To do: Write the listing below out again word for word, without a single picture.

Input data:
= = =

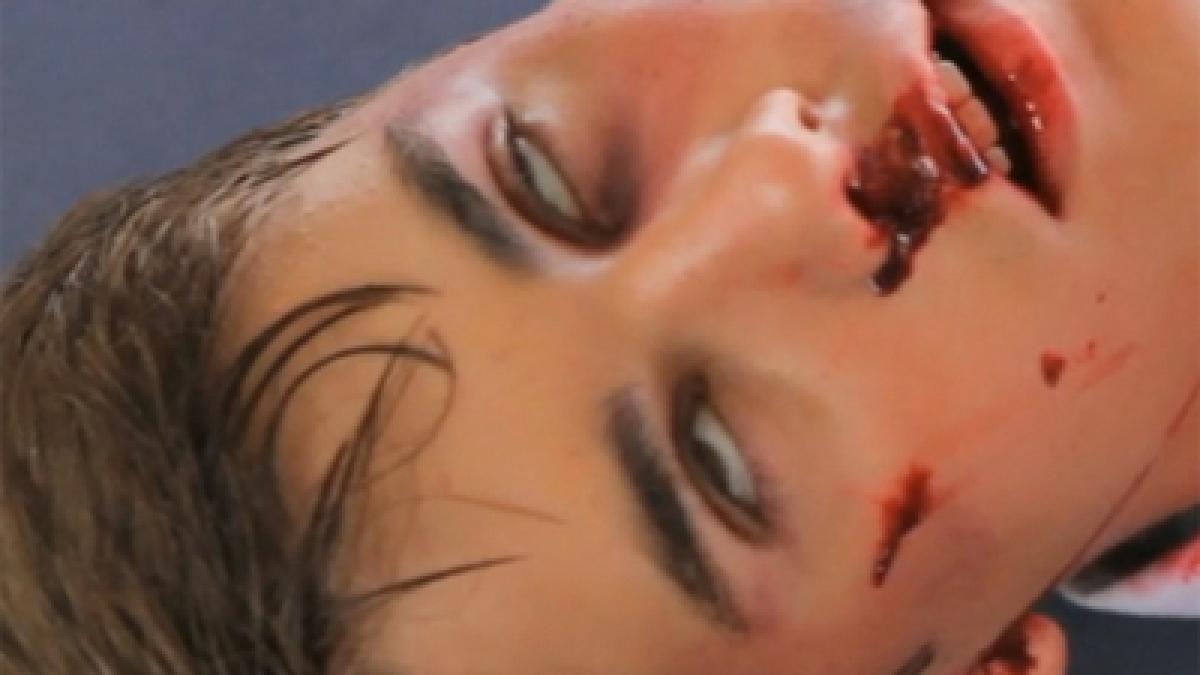 s au temut ca il vor pierde pentru totdeauna idolul a milioane de adolescenti plin de sange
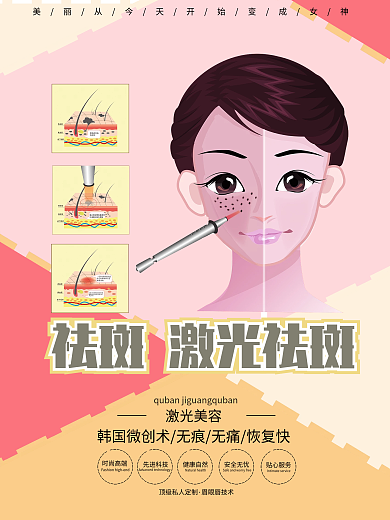 简约祛斑祛斑美容宣传海报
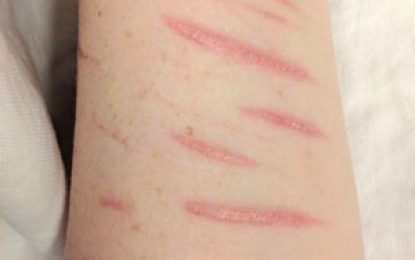 Self harm surveillance project helping to reach those prone to suicide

= = =

Written solution:
 s au temut ca il vor pierde pentru totdeauna idolul a milioane de adolescenti plin de sange
 简约祛斑祛斑美容宣传海报
 Self harm surveillance project helping to reach those prone to suicide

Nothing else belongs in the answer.